弁護士ドットコムの法律相談コーナーにも、車や人の往来の少ない早朝5時ごろ、左手にリードを持って田畑の間を原付バイクに乗って犬の散歩をしているという男性から投稿があった。
一方で、愛犬と自転車などで並走することには危険も伴う。飼い主が自転車や原付バイクに乗って、犬と並走することは道交法違反になるのだろうか。またかごに入れて移動した場合はどうなのだろうか。
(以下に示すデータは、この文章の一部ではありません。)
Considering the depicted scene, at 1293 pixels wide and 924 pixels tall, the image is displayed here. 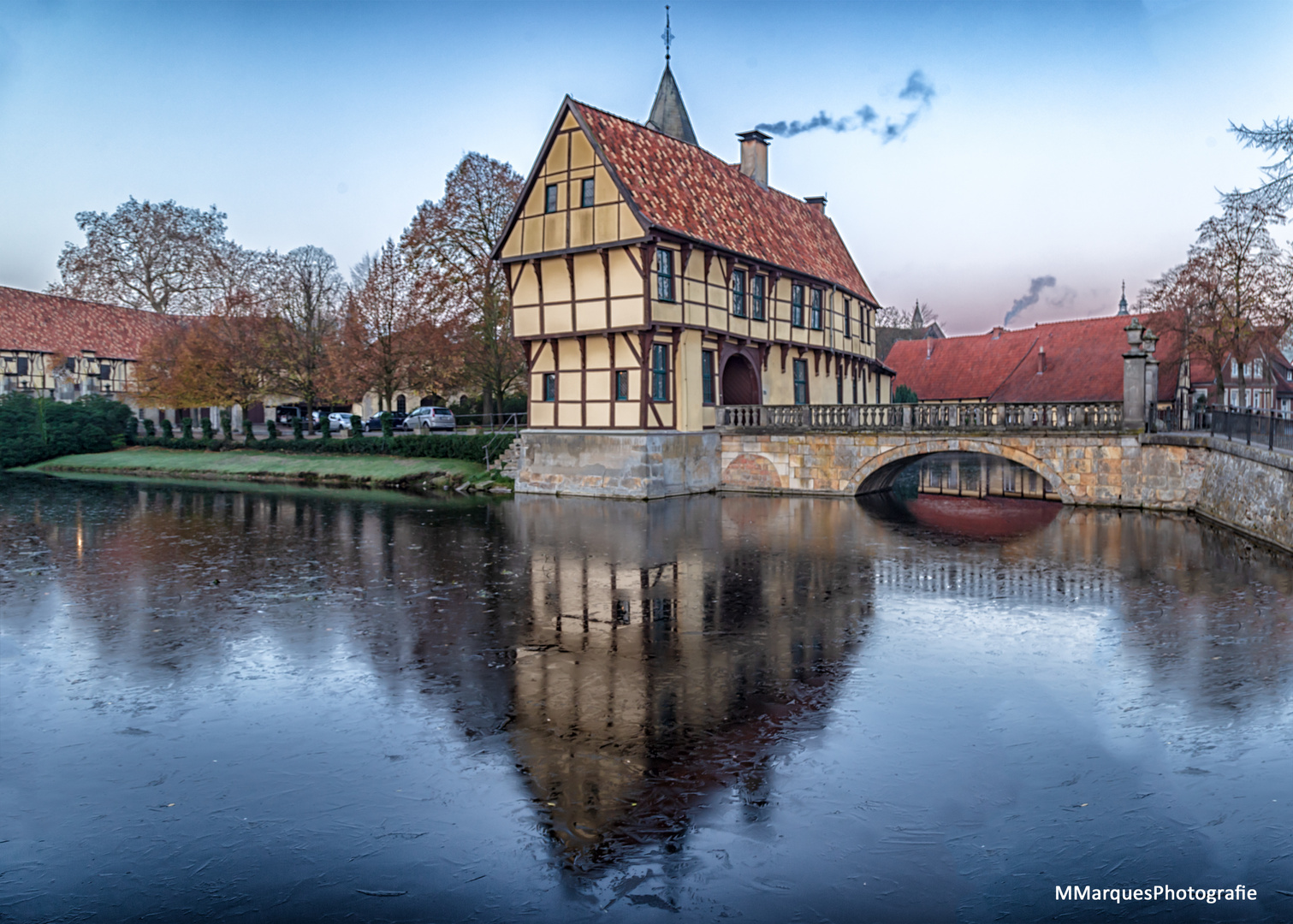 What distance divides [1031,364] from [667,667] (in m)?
47.2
和氣良浩弁護士に話を聞いた。
●「道交法に違反していることは明らか」
犬と並走する行為は、法的にどう考えられるのだろうか。
「犬をリードでつないで自転車や原付バイクを運転していた場合、犬の予期しない行動によって、ハンドルが取られ、周囲の歩行者に危険を及ぼす可能性が高いといえます。したがって自転車を運転しながら、犬をリードでつないで散歩させる行為は、道路交通法(道交法)に違反していることは明らかです」
具体的には、どのような点が違法に当たるのか。
「自転車や原付バイクの運転者は、ハンドルやブレーキなどを確実に操作し、かつ、道路状況に応じ、他人に危害を及ぼさないような速度と方法で運転しなければなりません。これに違反したときは刑事罰として3月以下の懲役又は5万円以下の罰金が科せられることがあります(道交法119条1項9号)」
●「前かごに入れる」も、道交法違反に問われる可能性
では、犬を自転車の前かごに入れて移動した場合は、どうだろうか。和氣弁護士は道交法のある条文を紹介する。
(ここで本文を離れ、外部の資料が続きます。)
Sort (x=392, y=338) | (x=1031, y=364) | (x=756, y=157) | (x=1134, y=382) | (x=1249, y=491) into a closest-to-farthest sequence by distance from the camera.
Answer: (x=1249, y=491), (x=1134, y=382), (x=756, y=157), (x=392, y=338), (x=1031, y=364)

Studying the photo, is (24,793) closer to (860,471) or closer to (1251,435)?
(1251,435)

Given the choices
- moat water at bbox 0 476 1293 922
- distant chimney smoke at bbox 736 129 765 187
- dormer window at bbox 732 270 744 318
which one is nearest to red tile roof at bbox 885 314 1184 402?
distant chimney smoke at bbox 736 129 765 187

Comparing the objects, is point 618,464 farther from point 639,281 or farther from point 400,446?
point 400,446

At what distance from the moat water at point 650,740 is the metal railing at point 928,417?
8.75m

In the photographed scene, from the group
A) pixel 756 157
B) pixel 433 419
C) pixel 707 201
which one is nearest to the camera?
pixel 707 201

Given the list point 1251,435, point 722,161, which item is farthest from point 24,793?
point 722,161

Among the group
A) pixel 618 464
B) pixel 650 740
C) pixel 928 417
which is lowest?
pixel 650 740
「運転者は『公安委員会が道路における危険を防止し、その他交通の安全を図るため必要と認めて定めた事項』を守らなければならないと定めています(道交法第71条6号)。これに違反した場合には5万円以下の罰金が科せられることがあります(道交法120条1項9号)」
和氣弁護士によれば、この条文を受けて、各都道府県が具体的に禁止事項を規定しているという。
「例えば、兵庫県道路交通法施行細則第9条10号は『傘を差し、物を担ぎ、若しくは物を持つなど視野を妨げ、又は安定を失うおそれのある方法で、大型自動二輪車、普通自動二輪車、原動機付自転車又は自転車を運転しないこと』と規定しています。
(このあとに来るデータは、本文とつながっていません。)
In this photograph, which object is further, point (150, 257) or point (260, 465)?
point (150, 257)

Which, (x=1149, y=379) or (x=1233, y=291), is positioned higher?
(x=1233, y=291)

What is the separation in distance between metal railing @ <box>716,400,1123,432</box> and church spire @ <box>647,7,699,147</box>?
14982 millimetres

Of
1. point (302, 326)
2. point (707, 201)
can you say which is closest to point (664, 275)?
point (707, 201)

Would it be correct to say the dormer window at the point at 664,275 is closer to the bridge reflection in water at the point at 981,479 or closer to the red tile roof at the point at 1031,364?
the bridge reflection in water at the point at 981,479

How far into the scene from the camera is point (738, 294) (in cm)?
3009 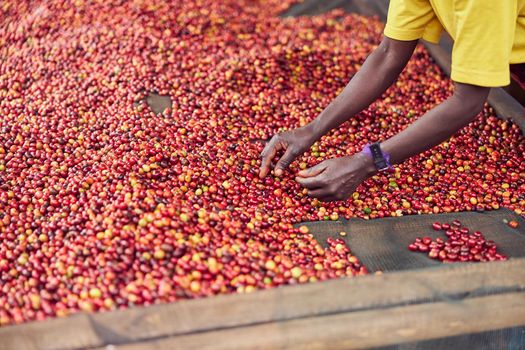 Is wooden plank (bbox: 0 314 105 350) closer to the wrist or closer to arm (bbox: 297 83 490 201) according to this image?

これと同様の規定を各都道府県の公安委員会が定めており、『安定を失うおそれのある方法』で自転車や原付バイクを運転する行為は道交法違反となります。
犬をかごにそのまま入れて自転車や原付バイクを運転した場合には、犬がかごから飛び出そうとして動くなど、犬の予期せぬ行動によって自転車や原付バイクがバランスを崩す可能性が高いといえます。そのため、『安定を失うおそれのある方法』による運転として、道交法に違反する可能性があります」
ペットバッグごと前かごに載せた場合はどうでしょうか。
「その場合には、犬の動きが相当程度制限されているため、道交法違反とまではいえない可能性が高いです」
●ドッグスリングは…?
抱っこ紐のような「ドッグスリング」も、巷では人気のようだ。
「ドッグスリングで犬を抱いた状態で自転車や原付バイクを運転した場合には、犬と運転者の距離がより密になるため、犬の動きや重みが運転者に直接の影響を与えやすく、やはり『安定を失うおそれ』が高いため、道交法に違反する可能性があります。
犬の体重が重いほど、バランスを崩す可能性は高まりますが、体重の軽い小型犬であってもドッグスリングから出ようとして暴れてしまい、それにより運転者がバランスを崩す可能性がある以上、犬の重さにかかわらず道交法違反となりえるでしょう」
このように、自転車や原付バイクを運転しながら犬の散歩をしようとする行為は、周囲の歩行者だけでなく、運転者や愛犬にとっても危険な行為だ。和氣弁護士は「危険な行為ですので、しないようにしてください」と話していた。